Lily and the Octopus is an authentic love story; it just happens that the object of affection is a dog. Rowley writes with a good dose of humor as well as pathos. The book is loosely based on Rowley’s own experiences with his dog and shows a keen insight into the reasons we develop such strong bonds with dogs.
The book’s gay, middle-aged protagonist has board game and movie nights with Lily, his beloved, elderly dachshund, and has long conversations with her (sound familiar?). While Lily’s owner, Ted, anthropomorphizes Lily almost beyond belief, he still captures the very real attachments we have for our pets and how life-saving they can be at our most vulnerable times. There are sections where Rowley uses a bit too much magical realism for my taste, but he carries the plot along nicely and explores the human psyche as well. Along the way, he also provides a bit of information about cephalopods.
Rowley captures the joyful exuberance of dogs by putting Lily’s “speech” in caps with exclamation points. In contrast, Ted’s dog’s facial tumor is personified as an octopus, malicious looking and evil acting. It is Ted’s quest to defeat the octopus that brings him near the brink of insanity, revealing shades of Melville’s tale of whale obsession. The octopus is a fitting metaphor for cancer, graphically capturing its seeming evilness and relentlessness, for dogs and people alike.

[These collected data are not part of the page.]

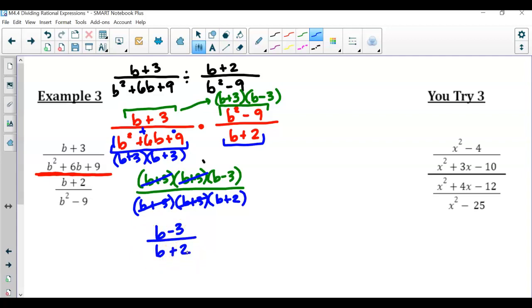Go ahead and pause the video and try this one on your own. And here we go — notice how we've got our fraction bar.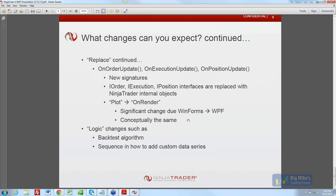And there are a number of logic changes regarding backtesting accuracy and the sequence of how to add custom data series, which ties back to the On State Changed method. There are different states where you would want to do something, and doing something in the incorrect state could cause adverse behaviors. We'll spell that all out in documentation. There is definitely a lot more itemized in the breaking changes document — I just wanted to give the development community an idea of where things are headed.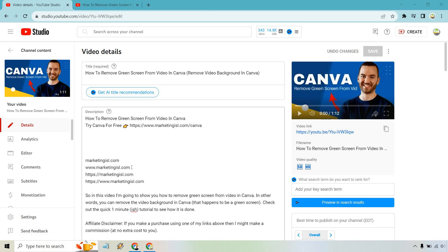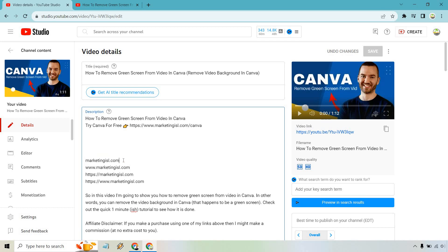These are just different ways of putting my website. These two you don't want to utilize this way - marketingisle.com or www.marketingisle.com.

Ultimately, Rowley’s book is about how people cope with the inevitability of the loss of loved ones. If we are to survive, we all must learn, somehow, to reconnect with the world after the tragedy of loss. His novel shows that we can come out on the other side intact, transformed, and sometimes more fully realized as human beings.
The Curious Charms of Arthur Pepper is reminiscent of another book I enjoyed in the past, The Unlikely Pilgrimage of Harold Fry, by Rachel Joyce. In both, an older man overcomes tragedy by embarking on a quest, somewhat unintentionally at first, through which he learns to find joy again. Arthur’s dead wife’s charm bracelet provides the incentive for his quest and the charms become the vehicle for his transformation. The author cleverly weaves together Arthur’s wife’s past, showing that couples can be together for decades and still have parts of their past that are never revealed.
Arthur has many adventures during his quest that move him outside of his comfort zone and he realizes that he quite likes the vividness that new experiences bring to his formerly mundane existence. His quest gives him a new sense of compassion for the suffering of others and connects him with the outside world again, shattering his old routines.
Both books emphasize the importance that human and animal connections can have in a world that often makes people feel more isolated and disconnected than ever. They also demonstrate that traumatic events can cause us to grow and transform in ways we could never have predicted.
After the contentious election and its sometimes brutal rhetoric, many of us have had to regroup, take a sanity break, and now must move on. We will all be learning coping mechanisms along the way and figuring out how we can be active members of this new, baffling era we’ll be entering. I like to think (perhaps naively) that books like these can awaken in their readers a compassion for others that goes beyond political or religious affiliations. Let’s hope so.
Roberta Brown-Jones is a Library Assistant at the Nederland Community Library.